Chasing Crime, but Foiled by Traffic



THE emergency dispatches came crackling out of the small speaker on the dashboard.

A missing 13-year-old in Harlem. Two “all-hands” building fires near the George Washington Bridge. A man — “with a red tie” — who seemed intent on leaping off that same bridge, and a “vicious raccoon” laying siege to a restaurant on Second Avenue.

It was the first Friday in February, midmorning, and we were driving in East Harlem, following the lead of a radio scanner used by police, fire and other emergency officials to communicate with dispatchers fielding 911 calls. Several police scanner apps have become available for smart phones recently, including Police Scanner 2 ($4.99), which has been downloaded nearly a million times, according to its creator. So it seemed an opportune time to take an old-fashioned scanner out for a spin.

I brought two camera-wielding colleagues along for a day-long chase of crime around the five boroughs, using the scanner as a guide to the city’s underbelly. We found it was easy to tap into an audio overview of the city’s emergency activity, but much more difficult to follow in real time, because of traffic, distance, and the challenge of catching addresses and sifting through jargon.

While the iPhone app allows users to tune into one frequency at a time, our electronic scanner has the advantage of rapidly fielding transmissions from hundreds of citywide and local emergency channels. On these airwaves, there is never a slow news day. It is a nonstop litany of fires, missing persons, gas leaks, car crashes, building collapses, shots fired, bridge jumpers and purse snatchings. Only a fraction of these wind up making the news: our goal was to check out the stuff that doesn’t.

We narrowly missed a club-wielding would-be car thief dodging a bullet in Brooklyn; teenagers sniffing aerosol cans in Elmhurst, Queens; and pit bulls off their leashes outside a Queens elementary school. A pimp in Times Square and a “homeless male being assaulted by a male black with a guitar” outside Penn Station.
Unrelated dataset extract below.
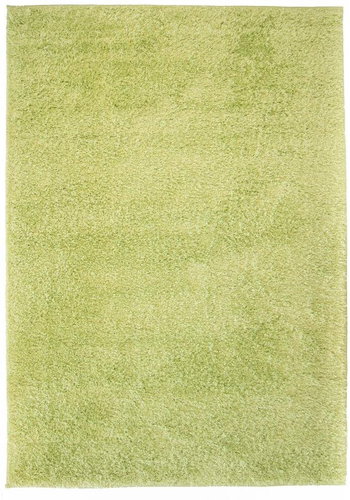Piece rug with high pile Shaggy 80x150 cm green - Carpet - Main image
Our journey started out at 9:30 a.m. in Midtown, and we set a borrowed Uniden Bearcat scanner to roam a multitude of channels, some serving individual precincts or borough commands. Over the citywide police channel, we immediately heard a report of a car accident in Rockaway leaving six passengers injured, “three critical, and three noncritical.” On the highway unit channel, we heard of an “eight-and-a-half-month pregnant woman in an accident on the Bronx River Parkway.” A call came over at 10:03 a.m. that in a passenger-screening section of Kennedy International Airport, a woman was being held because she was deemed to be “an obvious threat.”

These all sounded promising, but they also seemed too far away to catch. Then at 10:05, there was a report of a man shot on Lexington Avenue near East 111th Street. We were close to Franklin D. Roosevelt Drive, so we headed north with an ear out for more details from the dispatcher: The fleeing shooter was described as 23 years old with a brown leather jacket. Despite C.P.R., “the aided” was “not responding,” the dispatcher reported. But when we arrived at the location, there was no crime scene, no police, no witnesses. An officer nearby said the whole thing was a hoax, a crank caller pranking 911. She said these types of calls are not uncommon.

We resumed roaming, and around 11:30 a.m. a dispatcher announced “shots fired” on Boerum Place in Downtown Brooklyn. We moved quickly down F.D.R. Drive and over the Brooklyn Bridge to the scene, which was cordoned off with police tape and packed with detectives. A man trying to break into a light-blue 2009 BMW had been confronted by the owner, a probation officer. The would-be thief picked up a hefty wooden stick; the probation officer pulled out his gun, let off a warning shot and held the man to the ground with the gun in his back. By the time we got there, of course, both of them were gone, and even the coffee-cart guy was packing up and moving along.

For backup, we were also monitoring the Breaking News Network paging system, which has people monitoring scanners as we were and pumping out bulletins of seemingly newsworthy items to subscribers. As we canvassed the scene in Brooklyn, the B.N.N. pager was bleeping about a “mass casualty incident” at a school in Elmhurst, Queens: a fire department dispatcher had reported that eight students “inhaled an aerosol spray.”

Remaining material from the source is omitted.